Leake County Revelers
The most renowned Mississippi string band of the 1920s, the four Revelers—fiddler Will Gilmer, mandolinist R. O. Mosley, banjoist Jim Wolverton and guitarist Dallas Jones—were based here in Sebastapol, and played live across the Southeast. They had a widely heard Saturday night radio show on WJDX in Jackson, and cut 44 diverse instrumental and vocal sides for Columbia and Okeh Records between 1927 and 1930. Their biggest hit, “Wednesday Night Waltz,” was among early country music’s biggest sellers.

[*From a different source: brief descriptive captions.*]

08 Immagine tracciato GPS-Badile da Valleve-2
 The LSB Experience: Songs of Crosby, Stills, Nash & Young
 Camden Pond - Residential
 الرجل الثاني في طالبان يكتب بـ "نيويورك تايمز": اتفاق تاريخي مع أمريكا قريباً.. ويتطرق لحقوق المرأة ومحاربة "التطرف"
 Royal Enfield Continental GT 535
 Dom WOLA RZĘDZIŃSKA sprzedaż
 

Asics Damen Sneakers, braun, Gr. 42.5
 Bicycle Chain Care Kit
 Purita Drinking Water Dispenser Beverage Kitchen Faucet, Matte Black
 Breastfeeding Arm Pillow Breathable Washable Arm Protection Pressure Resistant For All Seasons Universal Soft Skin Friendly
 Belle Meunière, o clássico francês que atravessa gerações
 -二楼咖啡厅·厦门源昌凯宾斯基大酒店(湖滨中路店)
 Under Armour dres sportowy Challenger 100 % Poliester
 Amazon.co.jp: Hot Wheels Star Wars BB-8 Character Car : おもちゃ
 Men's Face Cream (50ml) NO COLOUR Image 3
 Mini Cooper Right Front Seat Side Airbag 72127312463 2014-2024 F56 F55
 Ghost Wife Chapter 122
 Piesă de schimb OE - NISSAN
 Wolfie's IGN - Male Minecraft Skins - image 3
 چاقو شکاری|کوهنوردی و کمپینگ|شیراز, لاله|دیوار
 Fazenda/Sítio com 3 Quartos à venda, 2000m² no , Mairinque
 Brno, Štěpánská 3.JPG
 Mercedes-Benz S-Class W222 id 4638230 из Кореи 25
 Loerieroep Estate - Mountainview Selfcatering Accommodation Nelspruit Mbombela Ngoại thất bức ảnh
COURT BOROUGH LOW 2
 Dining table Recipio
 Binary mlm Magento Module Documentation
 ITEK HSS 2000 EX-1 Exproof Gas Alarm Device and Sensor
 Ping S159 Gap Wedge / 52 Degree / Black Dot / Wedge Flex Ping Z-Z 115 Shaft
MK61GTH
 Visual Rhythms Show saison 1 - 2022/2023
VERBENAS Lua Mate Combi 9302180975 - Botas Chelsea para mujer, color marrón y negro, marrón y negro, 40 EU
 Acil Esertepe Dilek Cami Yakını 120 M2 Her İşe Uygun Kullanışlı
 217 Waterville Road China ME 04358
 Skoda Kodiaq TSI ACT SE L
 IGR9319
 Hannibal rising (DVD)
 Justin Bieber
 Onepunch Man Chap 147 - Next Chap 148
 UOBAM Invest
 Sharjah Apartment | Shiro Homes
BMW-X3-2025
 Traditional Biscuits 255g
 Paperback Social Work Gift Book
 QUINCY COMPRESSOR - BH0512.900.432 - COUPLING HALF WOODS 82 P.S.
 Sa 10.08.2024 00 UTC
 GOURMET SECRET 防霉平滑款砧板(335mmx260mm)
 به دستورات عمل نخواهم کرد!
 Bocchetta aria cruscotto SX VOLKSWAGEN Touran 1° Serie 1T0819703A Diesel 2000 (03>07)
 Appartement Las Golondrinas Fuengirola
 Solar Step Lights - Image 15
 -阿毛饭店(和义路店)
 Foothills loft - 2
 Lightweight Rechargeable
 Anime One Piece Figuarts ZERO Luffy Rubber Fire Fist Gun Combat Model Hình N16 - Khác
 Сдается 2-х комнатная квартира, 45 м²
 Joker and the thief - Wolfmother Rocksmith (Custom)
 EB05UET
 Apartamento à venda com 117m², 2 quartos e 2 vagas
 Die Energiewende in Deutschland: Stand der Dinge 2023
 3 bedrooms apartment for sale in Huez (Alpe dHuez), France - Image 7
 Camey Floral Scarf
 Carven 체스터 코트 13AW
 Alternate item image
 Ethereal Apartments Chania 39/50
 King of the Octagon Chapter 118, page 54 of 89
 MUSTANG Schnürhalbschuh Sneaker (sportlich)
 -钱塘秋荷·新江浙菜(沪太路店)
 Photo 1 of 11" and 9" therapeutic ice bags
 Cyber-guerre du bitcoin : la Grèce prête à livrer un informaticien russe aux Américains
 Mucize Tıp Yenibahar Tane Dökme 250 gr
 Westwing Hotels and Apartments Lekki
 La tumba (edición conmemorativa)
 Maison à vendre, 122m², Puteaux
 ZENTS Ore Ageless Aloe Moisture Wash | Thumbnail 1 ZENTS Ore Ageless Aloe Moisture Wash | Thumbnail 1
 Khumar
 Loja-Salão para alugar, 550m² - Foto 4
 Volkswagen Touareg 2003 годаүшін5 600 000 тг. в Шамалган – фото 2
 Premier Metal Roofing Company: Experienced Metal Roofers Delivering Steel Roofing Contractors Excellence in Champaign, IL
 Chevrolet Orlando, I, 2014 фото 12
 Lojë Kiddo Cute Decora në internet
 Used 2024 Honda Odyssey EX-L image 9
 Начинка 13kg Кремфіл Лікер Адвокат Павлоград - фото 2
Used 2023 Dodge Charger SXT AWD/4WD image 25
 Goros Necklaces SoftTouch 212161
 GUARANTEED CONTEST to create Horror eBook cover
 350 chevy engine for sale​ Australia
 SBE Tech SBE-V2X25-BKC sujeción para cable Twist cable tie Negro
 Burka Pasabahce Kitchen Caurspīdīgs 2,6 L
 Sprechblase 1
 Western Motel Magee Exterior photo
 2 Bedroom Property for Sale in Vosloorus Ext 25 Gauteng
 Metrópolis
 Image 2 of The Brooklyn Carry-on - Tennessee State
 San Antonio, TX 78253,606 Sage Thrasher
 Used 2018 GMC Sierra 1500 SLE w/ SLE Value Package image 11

Despite the implication of their name, assigned to them by Columbia Records producer Frank Walker, the members of this popular string band of the late 1920s and early 1930s didn’t come from only Leake County. They first came together and were based here in Sebastopol, Scott County, where the oldest of the four, R. O. (Robert Oscar) Moseley (1884-1931), who played the mandolo (a small banjo-mandolin hybrid), ran a hardware and record store. In the late 1920s, Moseley began playing informally with two musicians who actually were from nearby Leake County—Jim Wolverton (1895-1969) who played five-string banjo and farmed in Neshoba County, and the colorful Will (William Bryant) Gilmer (1897-1960), who worked at a drug store next door to Moseley’s hardware store and has often been referred to as Mississippi’s premier fiddler. They were joined in 1926 by guitarist Dallas Jones (1889-1985), also from Sebastopol.
The quartet was playing in local schoolhouses on Saturday afternoons when celebrated talent scout H. C. Speir of Jackson recommended them to Columbia Records. At their first recording session in New Orleans in April 1927, they recorded their hit instrumental “Wednesday Night Waltz,” based on a lilting tune Gilmer had learned in Texas, with a faster breakdown segment added half way through. Backed by the almost as popular “Good Night Waltz,” the record would sell nearly a quarter million copies and become a standard as an instrumental and later in a version with lyrics, recorded by Carson Robison and Frank Luther.
The Revelers would record forty-four sides for Columbia at sessions variously staged in Atlanta or New Orleans through 1929 and at a last session at Jackson, Mississippi, in December 1930. They recorded everything from traditional string band waltzes and breakdowns to strings-and-vocal hillbilly (“Johnson Gal”), harmonizing vocal pop (“My Wild Irish Rose,” “When It’s Springtime in the Rockies”), vaudeville (“They Go Wild, Simply Wild Over Me”), blues (“Make Me a Bed on the Floor,” “Dry Town Blues”), and even a “Rockin’ Yodel.”
The quartet made appearances with Louisiana’s Huey Long during his campaign for governor there in 1928; sales of their records made it possible for the full band to perform live across the Southeast. The four Revelers, who always kept their day jobs, also appeared in varied combinations as duets or as solo acts. The demand for their appearances increased in 1930, when they began a regular 6 to 7 p.m. Saturday night radio show on the 1000-watt, widely broadcast WJDX out of Jackson. Unfortunately, R. O. Moseley’s death the following year marked the group’s end, although Dallas Jones was still making appearances in the 1980s, and descendants, appearing as the Leake County String Band, provided music for the 1976 movie Ode to Billie Joe.